What you are asked to do
Nothing in the data should be left out, so repeat it all exactly.

Web page caption snippets:

------------

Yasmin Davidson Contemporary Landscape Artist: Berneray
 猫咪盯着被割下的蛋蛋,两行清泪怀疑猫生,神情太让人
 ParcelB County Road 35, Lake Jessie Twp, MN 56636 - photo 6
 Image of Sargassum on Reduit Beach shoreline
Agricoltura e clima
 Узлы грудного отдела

------------

Answer section
Yasmin Davidson Contemporary Landscape Artist: Berneray
 猫咪盯着被割下的蛋蛋,两行清泪怀疑猫生,神情太让人
 ParcelB County Road 35, Lake Jessie Twp, MN 56636 - photo 6
 Image of Sargassum on Reduit Beach shoreline
Agricoltura e clima
 Узлы грудного отдела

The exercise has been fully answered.